CERN-wetenschappers bevrijden antiwaterstof uit val

kijkmagazine

11 maart 2012 13:00

Tot voor kort was het al een hele klus om antiwaterstof langer dan een fractie van een seconde ‘in leven’ te houden. Maar nu lijkt het tijdperk aangebroken waarin we echt kunnen gaan experimenteren met dit soort deeltjes.

Zoals een atoom waterstof bestaat uit een proton en een elektron, zo bestaat een atoom antiwaterstof uit een antiproton en een anti-elektron. Graag zouden natuurkundigen allerlei metingen aan zo’n antiwaterstofatoom verrichten, om te zien of het zich hetzelfde gedraagt als een gewoon waterstofatoom. Helaas is dat in de praktijk erg lastig. Als een antimateriedeeltje in contact komt met het corresponderende gewone deeltje, verdwijnen namelijk ze allebei.

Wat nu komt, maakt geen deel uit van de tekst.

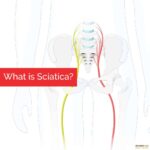Lake Hallie, WI - What is Sciatica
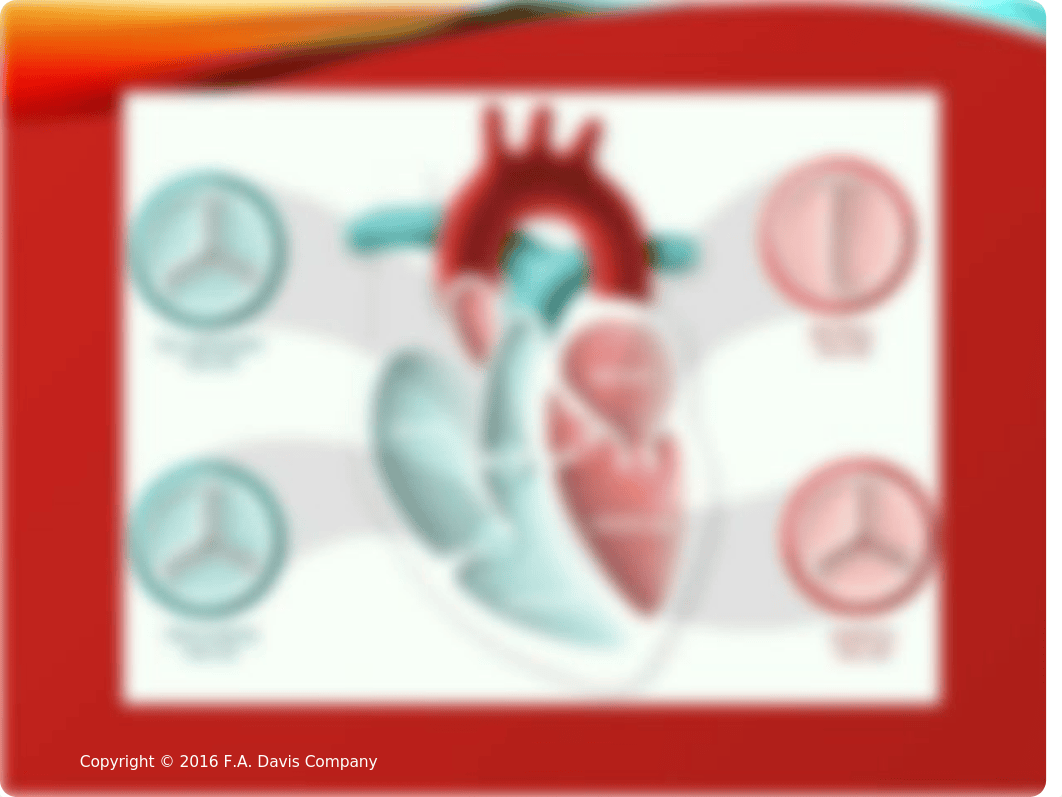 Ch18 Valvular Heart Disease(1).pptx_dxh6gkb9730_page5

Antiwaterstof is daarom geen lang leven beschoren, tenzij je het op de een of andere manier bij gewone materie uit de buurt weet te houden. Dat kan bijvoorbeeld met behulp van een antimaterieval, die gebruikmaakt van magnetische velden om antideeltjes in het luchtledige te laten hangen. Dat laatste lukt inmiddels heel aardig; afgelopen zomer meldden we dat het CERN-experiment ALPHA er met zo’n magnetische val in was geslaagd antiwaterstofatomen maar liefst zestien minuten te laten bestaan.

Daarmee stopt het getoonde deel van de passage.